Am Freitag dem 05.10.18 hatte Amnesty International Besuch von Herrn Stephen Mwangi, Mitbegründer und Koordinator des Mathare Social Justice Centre (MSJC) in Kenia, und Frau Sabine Dwinger von den Peace Brigades International (PBI).
Das MSJC ist eine Graswurzelbewegung, die sich in Mathare, einem Armenviertel in Kenias Hauptstadt Nairobi, vor allem mit außergerichtlichen Tötungen durch die Polizei beschäftigt. Nach Recherchen des MSJC gab es zwischen 2013 und 2016 in Mathare 800 solcher Fälle.
Die Arbeit des MSJC umfasst die Dokumentation dieser Tötungen und versucht den Hinterbliebenen zu helfen. Ein wichtiger Bestandteil dieser Arbeit besteht auch darin, gegen die „Normalisierung“ solcher Verbrechen anzukämpfen.
Zwar sind die Taten die das MSJC dokumentiert auch nach kenianischem Recht rechtswidrig und strafbar. Jedoch besteht in Kenia ein großer Widerspruch zwischen den verfassungsmäßigen Rechten der Ärmsten, und der gesellschaftlichen Realität, erklärte Herr Mwangi während des Treffens. Die Opfer der Polizei seien regelmäßig zwischen 13 und 25 Jahren alt, und häufig nicht vorbestraft.
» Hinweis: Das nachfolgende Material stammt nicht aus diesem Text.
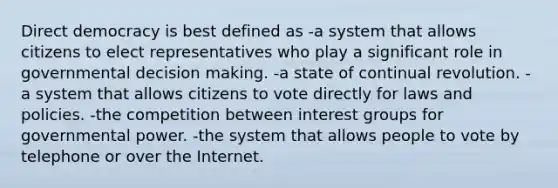 Direct democracy is best defined as -a system that allows citizens to elect representatives who play a significant role in governmental decision making. -a state of continual revolution. -a system that allows citizens to vote directly for laws and policies. -the competition between interest groups for governmental power. -the system that allows people to vote by telephone or over the Internet.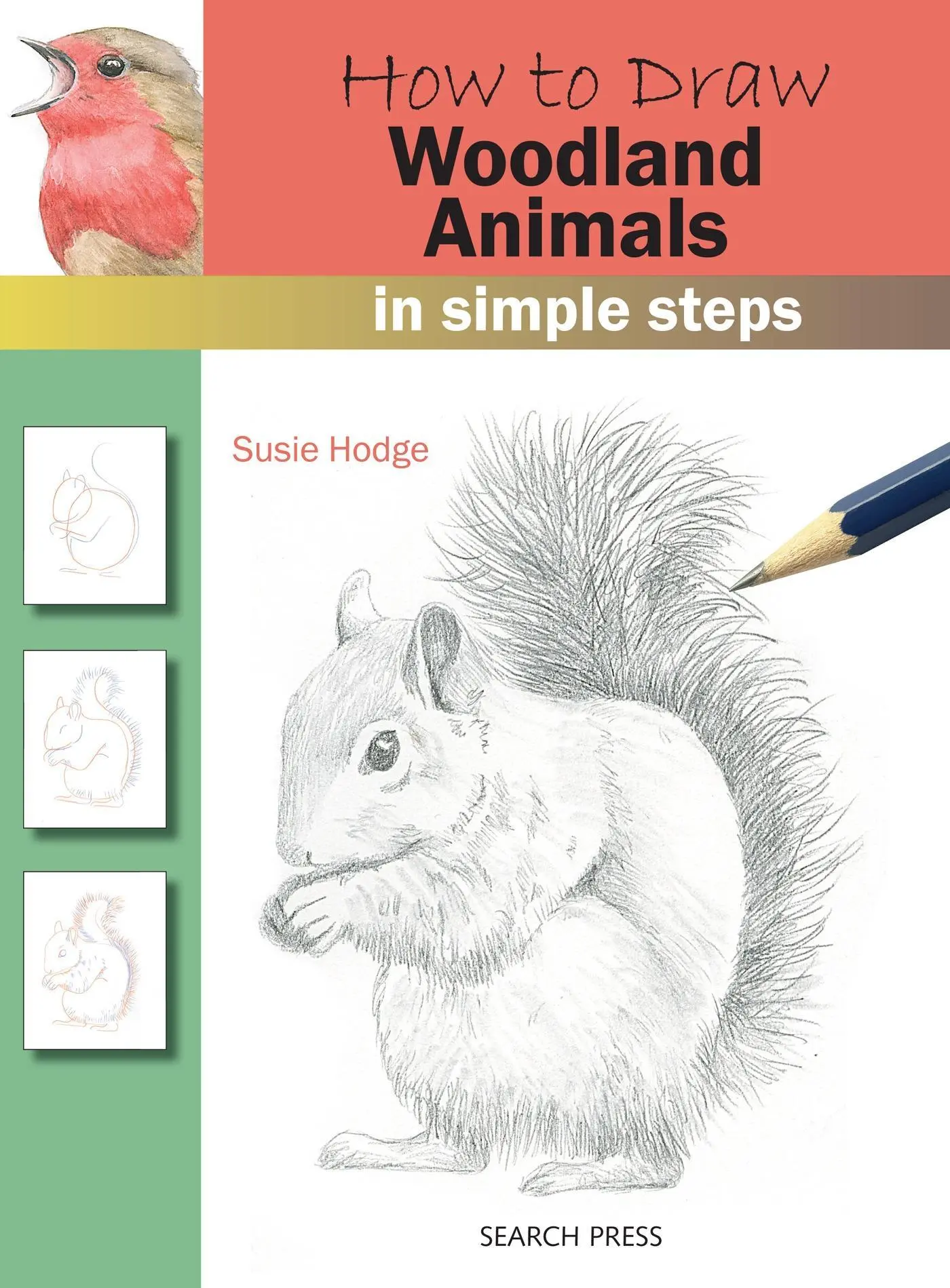 Cover: 9781782216254 | How to Draw Woodland Animals in Simple Steps | Susie Hodge | Buch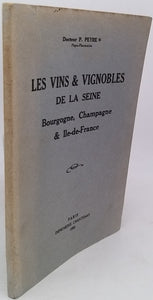 PEYRE Paul [Docteur] "Les Vins et les Vignobles de la Seine - Bourgogne, Champagne & Ile-de-France"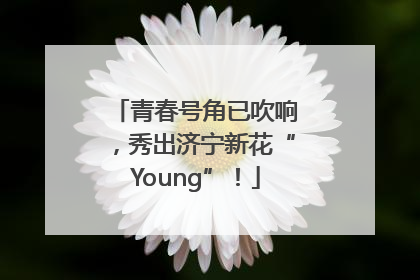 青春号角已吹响，秀出济宁新花“Young”！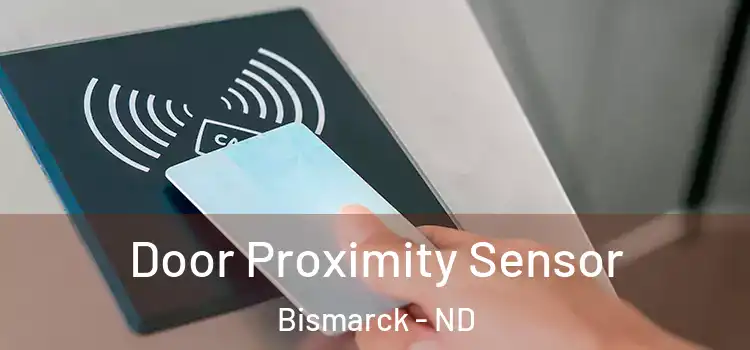 Door Proximity Sensor Bismarck - ND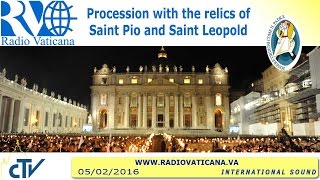 Procession with the relics of St. Pio and St. Leopold Mandic - 2016.02.05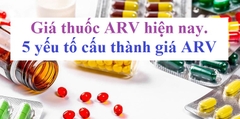 Thuốc ARV giá bao nhiêu? 5 yếu tố cấu thành giá thuốc ARV?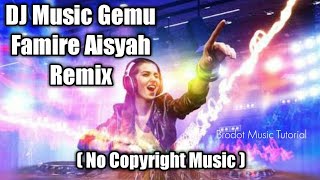 DJ Music Gemu Famire Aisyah Remix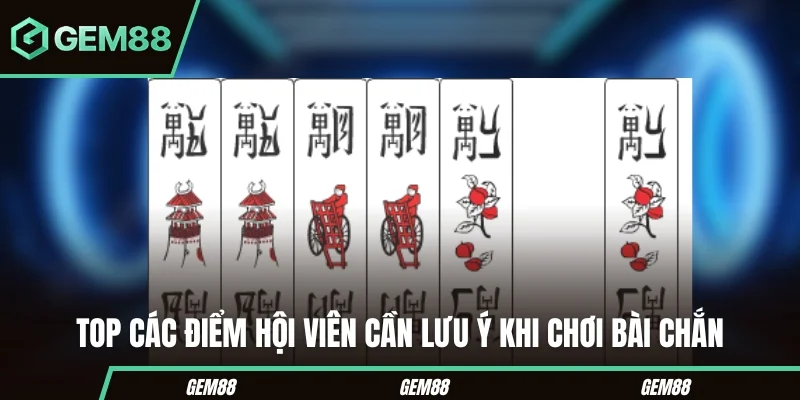 Top các điểm hội viên cần lưu ý khi chơi bài chắn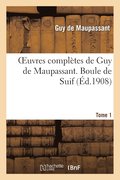 Oeuvres Completes de Guy de Maupassant. Tome 1 Boule de Suif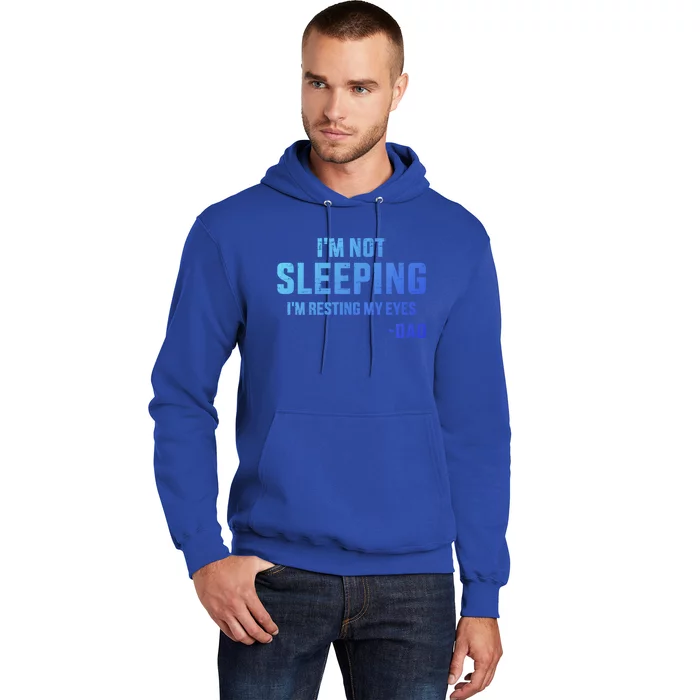 Funny IM Not Sleeping Resting My Eyes Dad For FatherS Day Great Gift Hoodie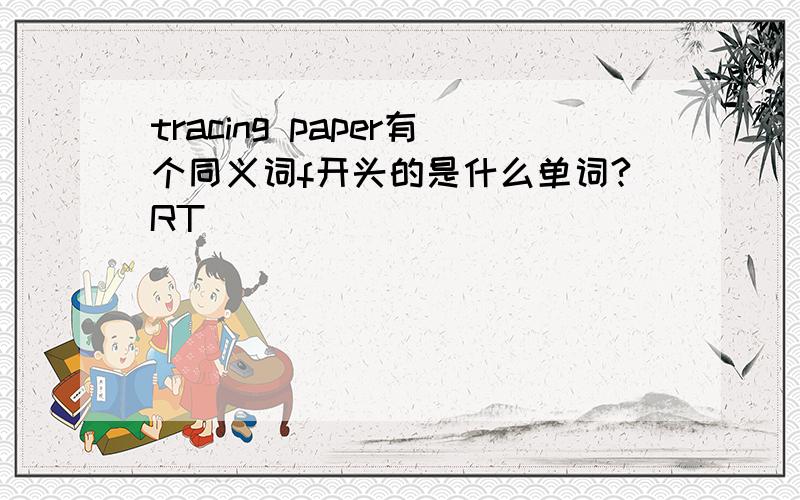 tracing paper有个同义词f开头的是什么单词?RT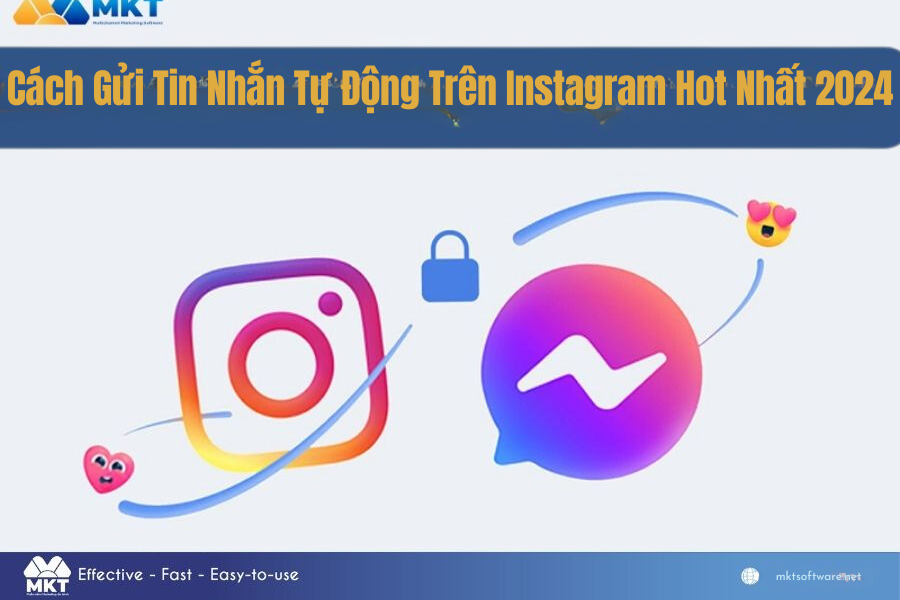 Cách Gửi Tin Nhắn Tự Động Trên Instagram Hot Nhất 2024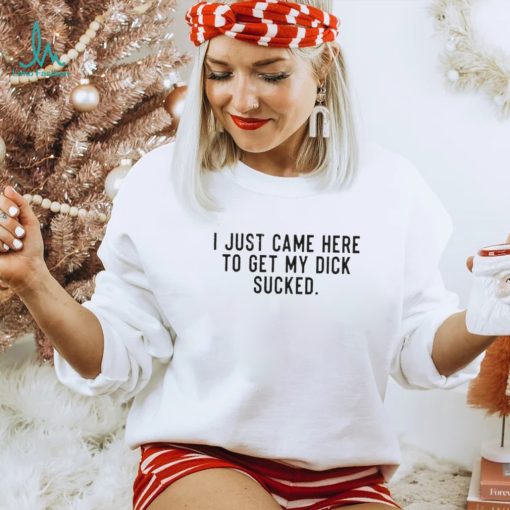 I Just Came Here To Get My Dick Sucked shirt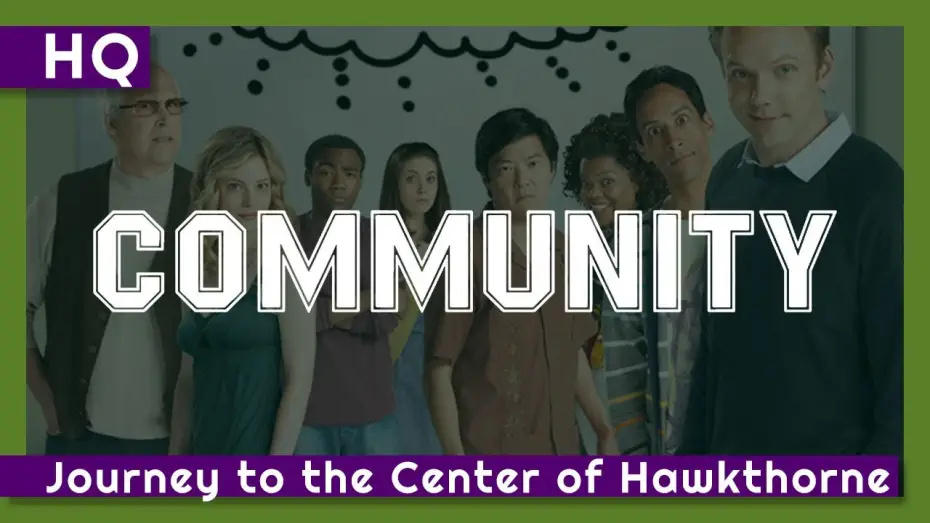 Видео к сериалу Community — Community (2009-2015) "Journey to the Center of Hawkthorne" Intro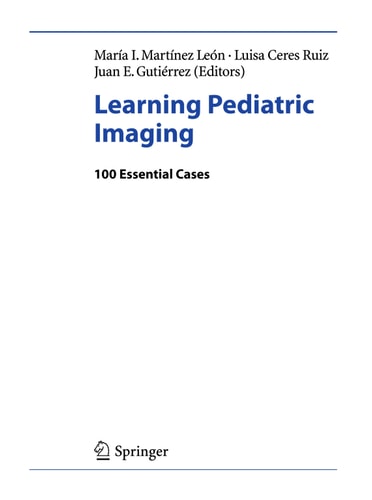 Learning Pediatric Imaging 100 Essential Cases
Unterstützt wird die Arbeit des MSJC durch die PBI, einer gemeinnützigen Einrichtung, die sich international vor allem für den Schutz von Menschenrechtsaktivisten einsetzt, und durch ihre Präsenz Schutzraum für deren Arbeit schaffen möchte. Auch die Sektionen von Amnesty International in Kenia und Ostafrika unterstützen das MSJC.
Herr Mwangi konnte gleichzeitig über die Independent Policing Oversight Authority (IPOA) in Kenia berichten. Diese unabhängige Ermittlungseinrichtung wurde in Kenia geschaffen, um in Fällen rechtswidriger Polizeigewalt zu ermitteln. In Deutschland fehlt bis jetzt leider eine solche Institution, die deutsche Sektion von Amnesty International fordert sie seit vielen Jahren.
Leider kann die IPOA nach Auskunft von Herrn Mwangi noch nicht so arbeiten, wie es wünschenswert wäre. Polizeizeugen können nicht zum Erscheinen verpflichtet werden, und die IPOA hat auch kein Akteneinsichtsrecht. Darüber hinaus wurden auch schon Mitglieder durch die Polizei bedroht. Daher besteht laut MSJC die Gefahr, dass die IPOA lediglich ein Papiertiger bleibt.
Das Treffen mit Herrn Mwangi und Frau Dwinger bot die Gelegenheit für einen sehr interessanten Austausch. Dabei war spannend, dass sich viele grundlegende Probleme im Bereich rechtswidriger Polizeigewalt in Kenia und Deutschland ähneln. Es trifft vor allem gesellschaftlich stigmatisierte Gruppen, Ermittlungen finden kaum statt, und werden selbst dann wenn sie stattfinden, nur ineffektiv geführt. Darüber hinaus fehlt es an hinreichend ausgestatteten Ermittlungsinstitutionen, und öffentlichem Problembewusstsein.
Nach rund anderthalb Stunden war das Gespräch beendet, und unser Sprecher Philipp Krüger bedankte sich herzlich für den interessanten Austausch: „Es ist wichtig und spannend sich auch mit Menschenrechtsaktivist_innen aus anderen Teilen der Welt zu treffen und Erfahrungen auszutauschen. Bei allen lokalen Unterschieden hilft es dennoch Lösungen und Strategien für Probleme zu finden, die sich im Bereich Polizei anscheinend häufig ähneln.“
Wir wünschen Herrn Mwangi und Frau Dwinger alles gute für ihre weitere Arbeit!